Opinión | Tribuna

Ficciones

Esta gente, y con esta gente quiero decir los políticos de todos los bandos, juegan a un juego que cada vez está más alejado de los ciudadanos, un juego peligroso

Pongo un poco de café en la taza, doy un sorbo apresurado. Me gusta a pequeñas dosis, muy caliente, sin azúcar. Es parte del ritual, así comienza la búsqueda (escribir es eternamente buscar y no encontrar casi nunca). La actualidad está tan fea como de costumbre, todo huele siempre a podrido, esta gente, y con esta gente quiero decir los políticos de todos los bandos, juegan a un juego que cada vez está más alejado de los ciudadanos, un juego peligroso porque de esa desafección llegarán días terribles.
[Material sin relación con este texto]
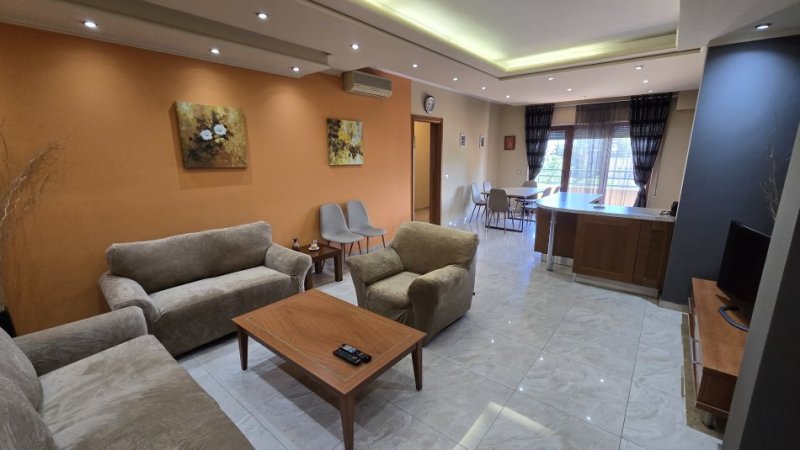 Tirane, jepet me qera apartament 2+1+Ballkon Kati 6, 110 m² 1.000 € (Prane Stadiumit Air Albania)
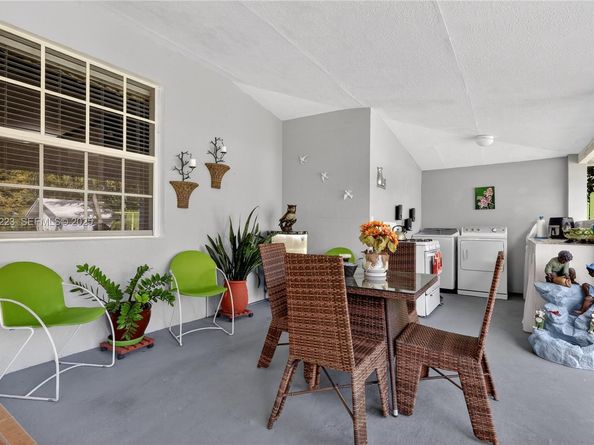 341 S Biscayne River Dr, Miami FL 33169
No se dan cuenta, no les importa, no les preocupa, pero esa guerra de guerrillas en la que se enredan entre ellos mismos no le interesa más que a ellos mismos y a los periodistas que tratan de comprender qué ocurre. Absurdo, inútil, improductivo, sin sentido. Pagaremos cara la factura de haber dejado las cosas en manos de los peores.

Pongo otro poco de café. Trato de aislarme del perro que aúlla durante todo el día. Infiero que alguien que se convence a sí mismo de que ama a los animales en general y a su perro en particular cree que es una idea estupenda dejarlo en una terraza durante catorce horas al día, solo y angustiado, hasta que vuelve de su jornada laboral, lo saca quince minutos a que haga sus necesidades y lo vuelve a encerrar. Dicen las estadísticas que en España hay tres millones más de perros que de niños. Claro, a los niños no está bien visto dejarlos en el balcón catorce horas al día, pero no pasa nada si haces sufrir a un pobre perro, y además estás a la moda. Seguro que cuando se refiere a él lo llama “perrete” y se siente muy satisfecho de sí mismo.
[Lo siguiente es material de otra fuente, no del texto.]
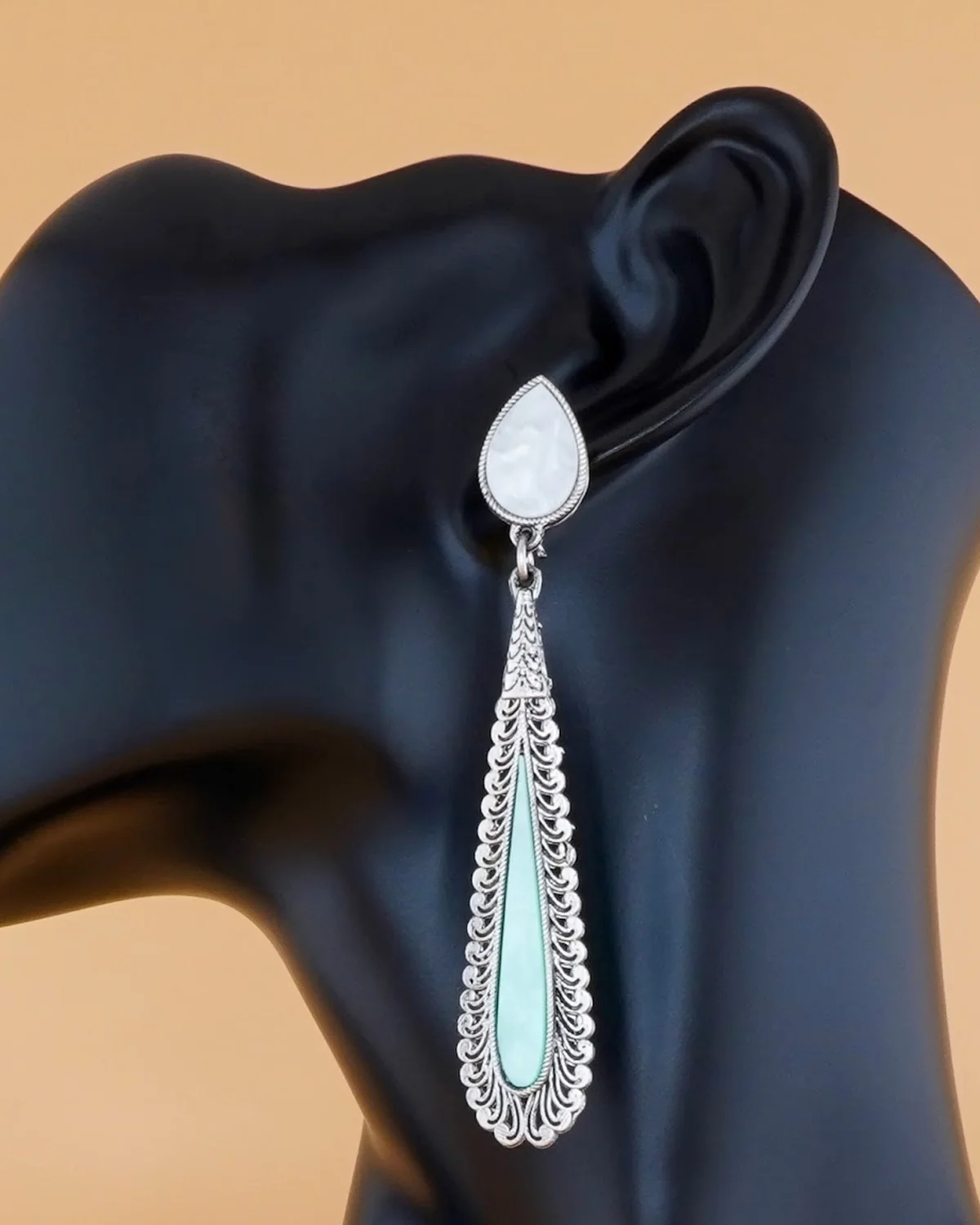 Neer Earrings, silver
Se me ha acabado el café. Menos mal que solo me quedan doscientas palabras para cerrar la columna. Las suficientes para hablar un poco de las fotos que Annie Leibovitz ha hecho a los reyes. A mí me parecen irreales, no sé, quiméricas, con ese halo de cuento que se supone que siempre tiene la realeza, esa aureola sobre la que se sostiene una institución tan fuera de lugar. La reina da una sensación de movimiento, como si, suspendida en el aire, el aire mismo la sostuviera y la hiciera avanzar levemente. Vaporosa, como saliendo de un sueño. El rey, en cambio, ofrece una presencia sólida, maciza, inmutable. La misma imagen que dio cuando, estoico, aguantó el chaparrón de barro en Valencia.

Al final de toda esta irrealidad habrá una realidad terrible, me temo. Pero avanzamos hacia ella como en ese scroll infinito de Tiktok que atonta al personal, sin darnos cuenta de que se nos pasa la vida, pegados los ojos a la pantalla, absortos en la ficción.